§ **PROVIDED DATA**:
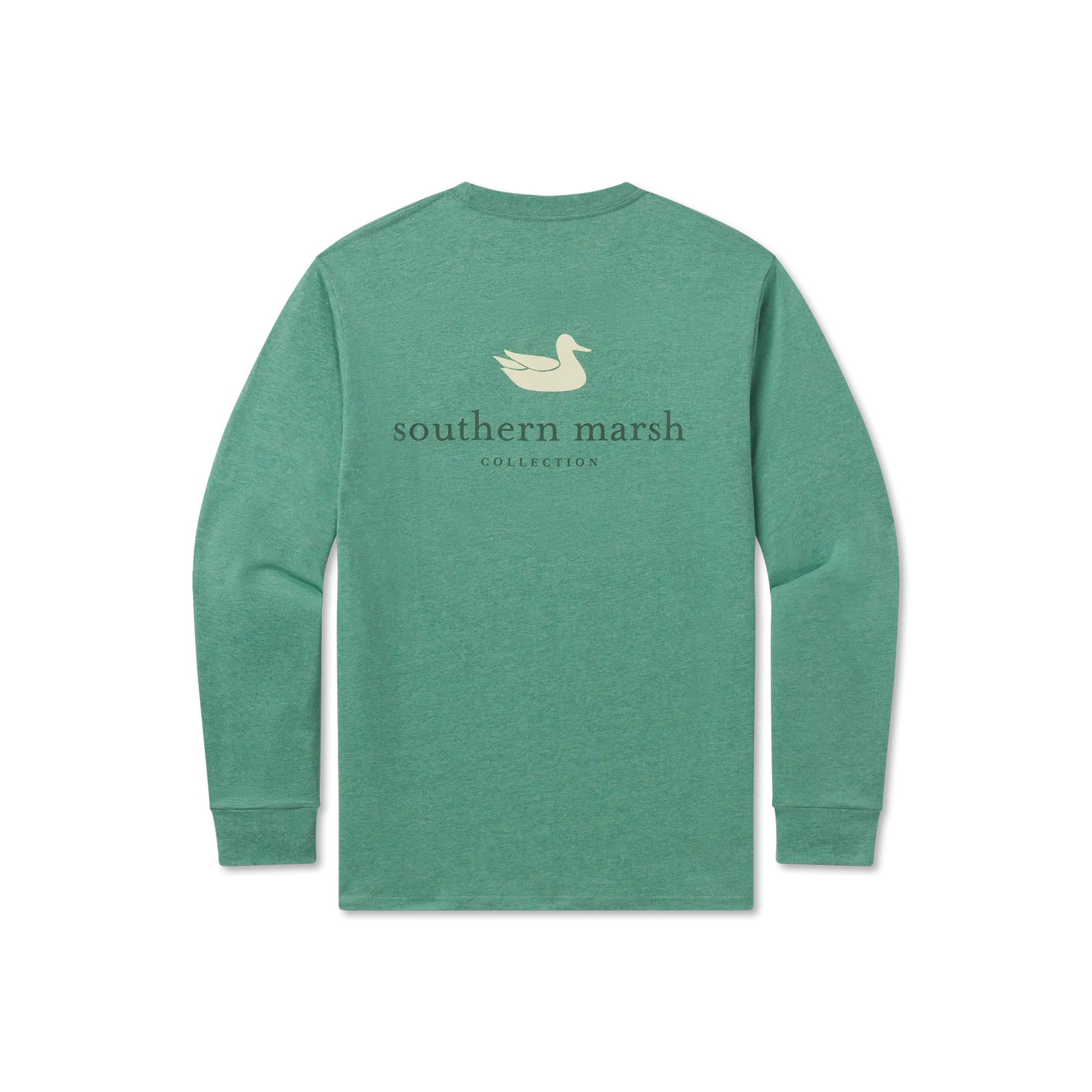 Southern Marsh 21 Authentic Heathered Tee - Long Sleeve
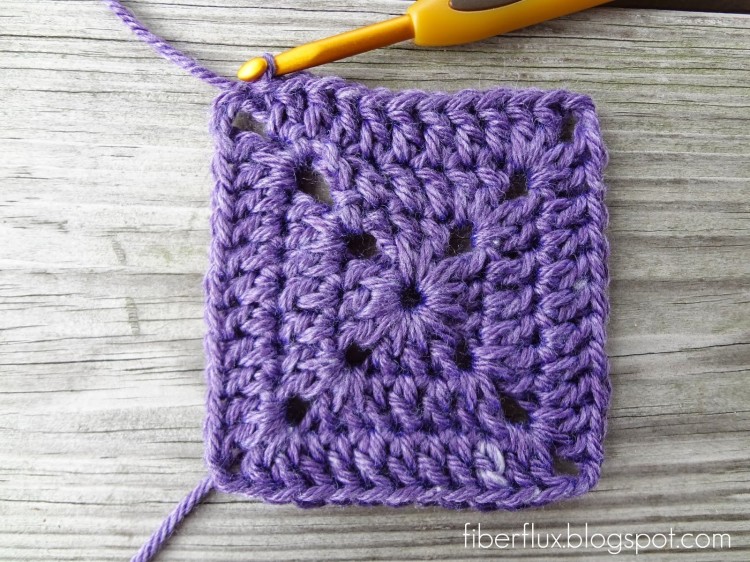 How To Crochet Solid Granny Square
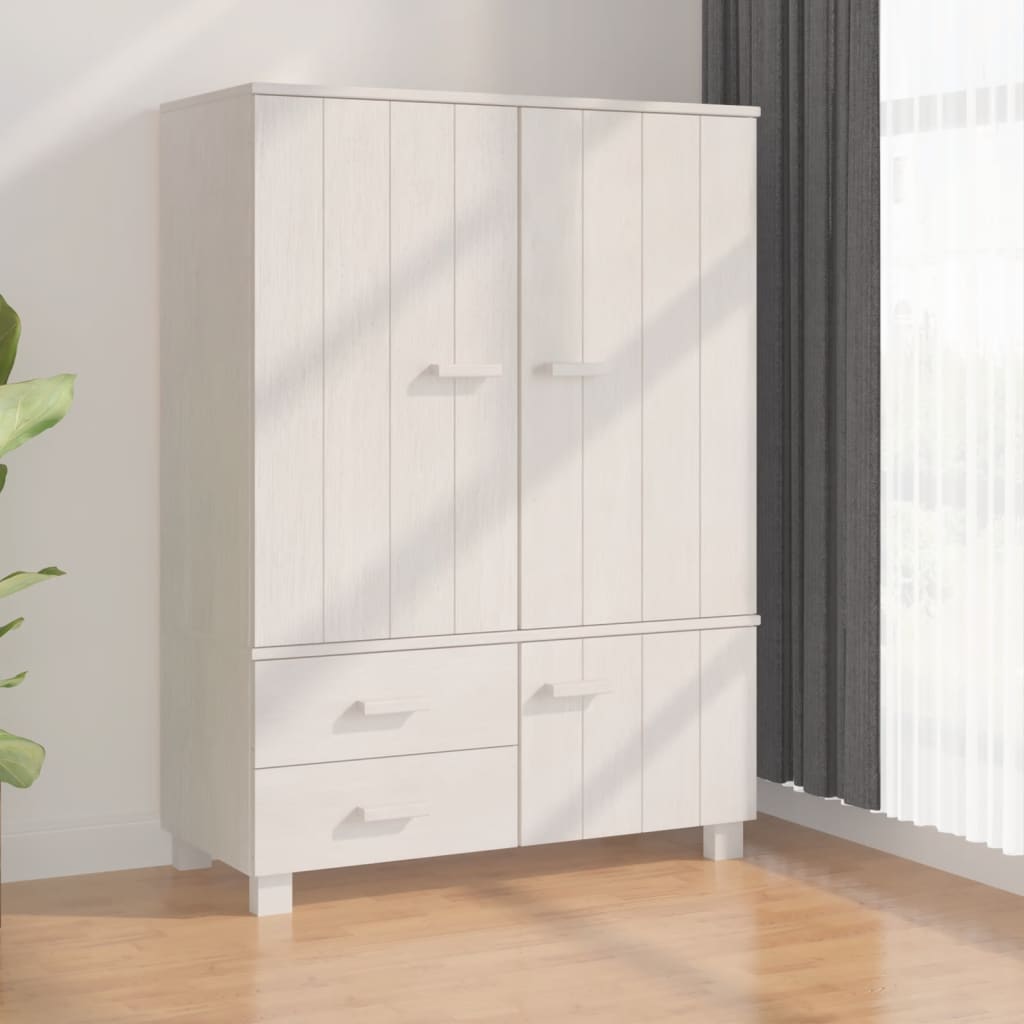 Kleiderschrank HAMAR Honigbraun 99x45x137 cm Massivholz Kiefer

§ **EXERCISE BRIEF**: Skip the pictures; extract only the lines from the line with "How To Crochet Solid Granny Square" through the final line of the material, exactly as they appear.

§ **TASK RESULT**:
 How To Crochet Solid Granny Square
 Kleiderschrank HAMAR Honigbraun 99x45x137 cm Massivholz Kiefer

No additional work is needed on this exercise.